# Have boots/bindings improved much in the last 7 years?



## noone1 (Nov 16, 2015)

So, I'm going to get back into snowboarding after a long hiatus and I was wondering if stuff has changed for the better significantly over the last 7 years. All my stuff is in good condition, but I would have no problem going out and buying it all again if things have come a long way.

I'm guessing the board is fine, but boots/bindings seem like maybe they've improved more in terms of materials, comfort etc.

Any thoughts? Assume money is no object


----------



## Phedder (Sep 13, 2014)

Well shit, if money's no object go crazy! The industry needs you 

Personally, I'd get back into it with your current gear for a couple days to make sure you are actually getting back into it fully and it's worth making the investment. If the gear you've got will hold you feet to your board, and your board will slide down snow, then it's perfectly fine for the purpose of re-testing the waters. Then once you've got the stoke back, go crazy and buy some newer updated gear!


----------



## bksdds (Jul 2, 2015)

What boards do you have?

I think most would say new boots first, bindings second, and then board.


----------



## black300zx (Sep 28, 2015)

Phedder said:


> Well shit, if money's no object go crazy! The industry needs you
> 
> Personally, I'd get back into it with your current gear for a couple days to make sure you are actually getting back into it fully and it's worth making the investment. If the gear you've got will hold you feet to your board, and your board will slide down snow, then it's perfectly fine for the purpose of re-testing the waters. Then once you've got the stoke back, go crazy and buy some newer updated gear!

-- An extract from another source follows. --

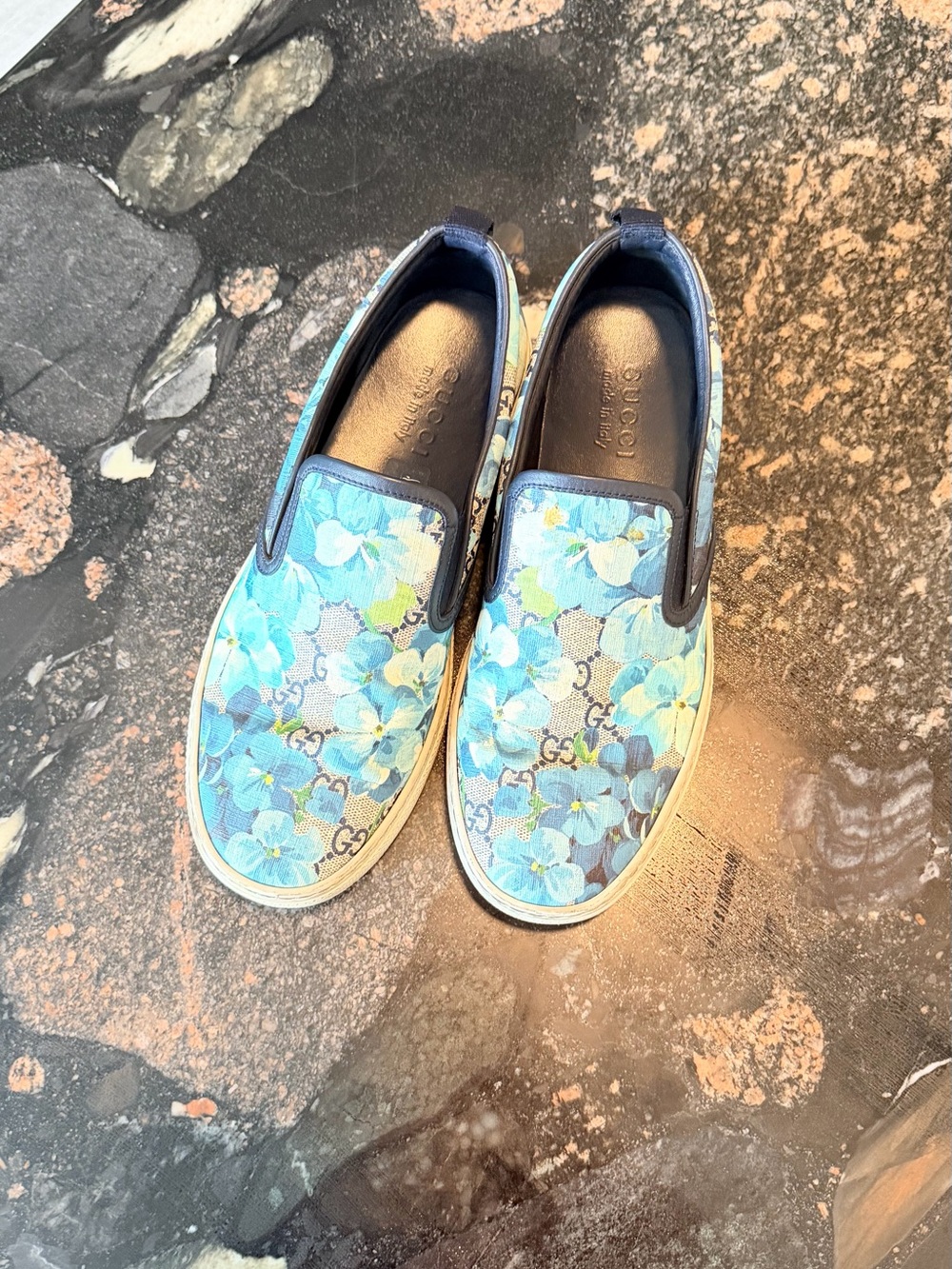 Gucci Kids Light Blue Floral Slip-On Sneakers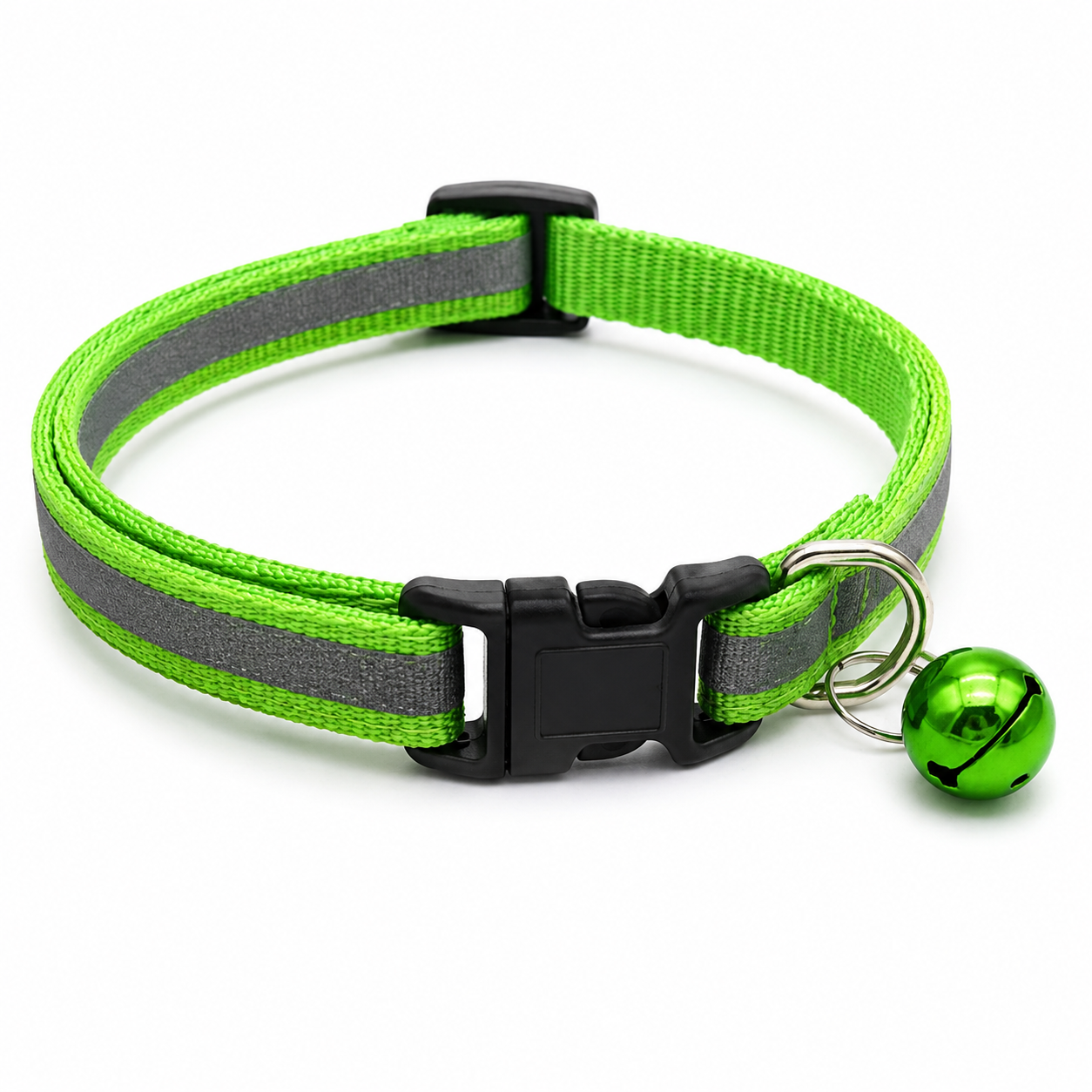 Green and gray striped dog collar with a green bell on a white background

This is basically what I did last year. Last year was the first time I got out multiple times in a season since highschool, and it had been a couple years since I had rode. My board/bindings were 12+ years old and I rode the hell out of them last year and just had fun getting back into it. My last day of the season I broke a binding and now I've got a fresh new setup for this season 

I'd start off with your old setup. Knock the rust off, figure out what you enjoy now, and keep your eyes open for end of season deals.


----------



## ridinbend (Aug 2, 2012)

Get new boots, your feet will thank you.


----------



## noone1 (Nov 16, 2015)

I have what appears to be a Burton Clash (?) board and Burton "Freestyle" bindings. Probably Burton boots, though I forgot to look. The boots do have the quick tightening strings you just pull. All of this was bought late 2009 or very early 2009.


----------



## FrontRange (Oct 15, 2015)

You can still find last year deals on Evo.com and a lot of the online retailers. Just bought my wife a brand new 2014/15 Hel Yes for 45% off.


----------



## Matty_B_Bop (Jan 27, 2015)

FrontRange said:


> You can still find last year deals on Evo.com and a lot of the online retailers. Just bought my wife a brand new 2014/15 Hel Yes for 45% off.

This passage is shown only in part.